Он расслабляется, сначала одна рука, потом другая ложатся на ее талию. Чудом она спаслась, просто чудом!

– И у фирмы Рэкхэма такой замечательный год, – продолжает она, – Половина проблем, с которыми мы сталкиваемся, это проблемы роста, этого нельзя забывать. И у тебя счастливое семейство, честное слово, это так. Прислуга очень дружелюбна со мной. Судя по тому, что мне удается услышать, могу тебя уверить, она всем довольна, а тебя все в доме просто боготворят…
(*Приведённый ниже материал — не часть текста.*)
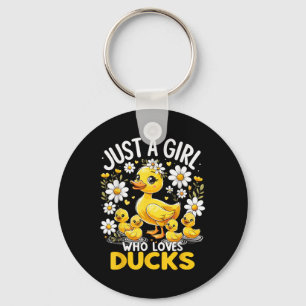 Cute Duck Lover Just A Girl Who Loves Ducks  Key Ring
Он поднимает глаза – растерянный, несчастный, нуждающийся в поддержке, похожий на собаку, потерявшую хозяина. Она целует его в губы, гладит между ног, просовывает худую кисть к вялой выпуклости…

– Вспомни, что я тебе сказала при нашей первой встрече, любовь моя, – шепчет она, – я сделаю все, что ты захочешь. Все, что угодно.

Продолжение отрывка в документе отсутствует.